In January 2023, Attorney General Merrick B. Garland appointed a special counsel to investigate President Biden’s handling of classified documents to avoid any perception that he was protecting his boss entering an election year.

The man Mr. Garland tapped for the job, Robert K. Hur, has not been quite as cautious.

On Thursday, Mr. Hur, 50, a former Justice Department official in the Trump administration, dropped a 345-page political bomb into the middle of the 2024 campaign, the final report summing up his investigation. The document, written in unvarnished prose, is an excruciatingly detailed and seemingly subjective assessment of Mr. Biden’s faulty memory that overshadowed his conclusion: Mr. Biden, unlike former President Donald J. Trump, should not face criminal charges.

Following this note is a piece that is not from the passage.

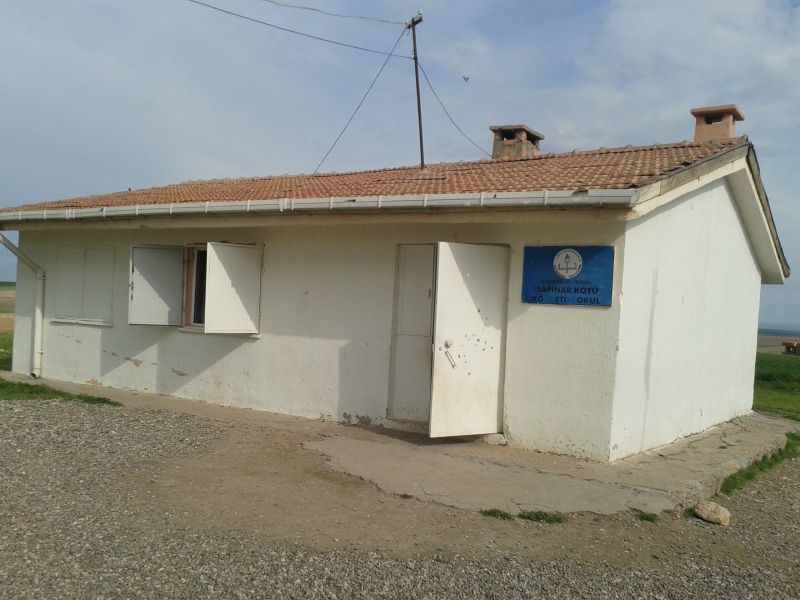 İsapinar İlkokulu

The Hur report underlines the challenges of deploying special counsels, which are intended to shield prosecutors from political meddling, but often result in the release of negative information about high-profile targets who have been cleared of criminal wrongdoing. It also showed the complicated balance of the job — navigating a polarized environment that leaves little option but to expansively explain the rationale for any decision.

Mr. Hur is no stranger to high-wire investigations and legal conflict. Under the Trump administration, he spent 11 months as the top aide to the deputy attorney general, Rod J. Rosenstein — as Mr. Rosenstein oversaw the appointment of the special counsel, Robert S. Mueller III, to investigate Mr. Trump’s connections to Russia.

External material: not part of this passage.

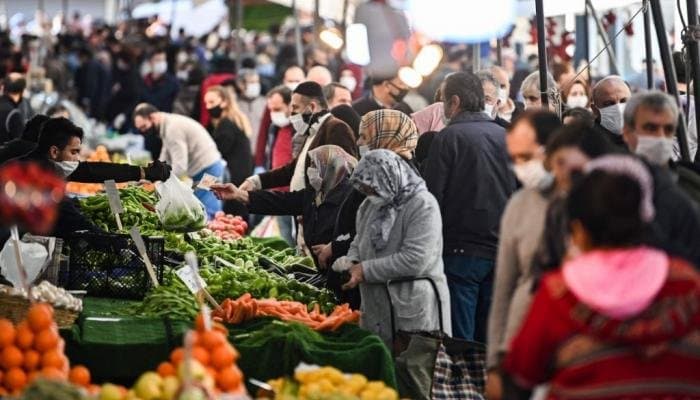تراجع التضخم في تركيا إلى 47.09% في نوفمبر مع توقعات بخفض الفائدة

Mr. Hur’s critics say he broke through guardrails intended to avoid tarnishing politicians facing tough elections. That was perhaps best exemplified by the F.B.I. director James B. Comey’s public condemnation of Hillary Clinton’s handling of government secrets, delivered in the months before the 2016 election.

Among the thousands of sentences in the Hur report, one juts out like a dagger: “Mr. Biden would likely present himself to a jury, as he did during our interview with him, as a sympathetic, well-meaning, elderly man with a poor memory,” he writes.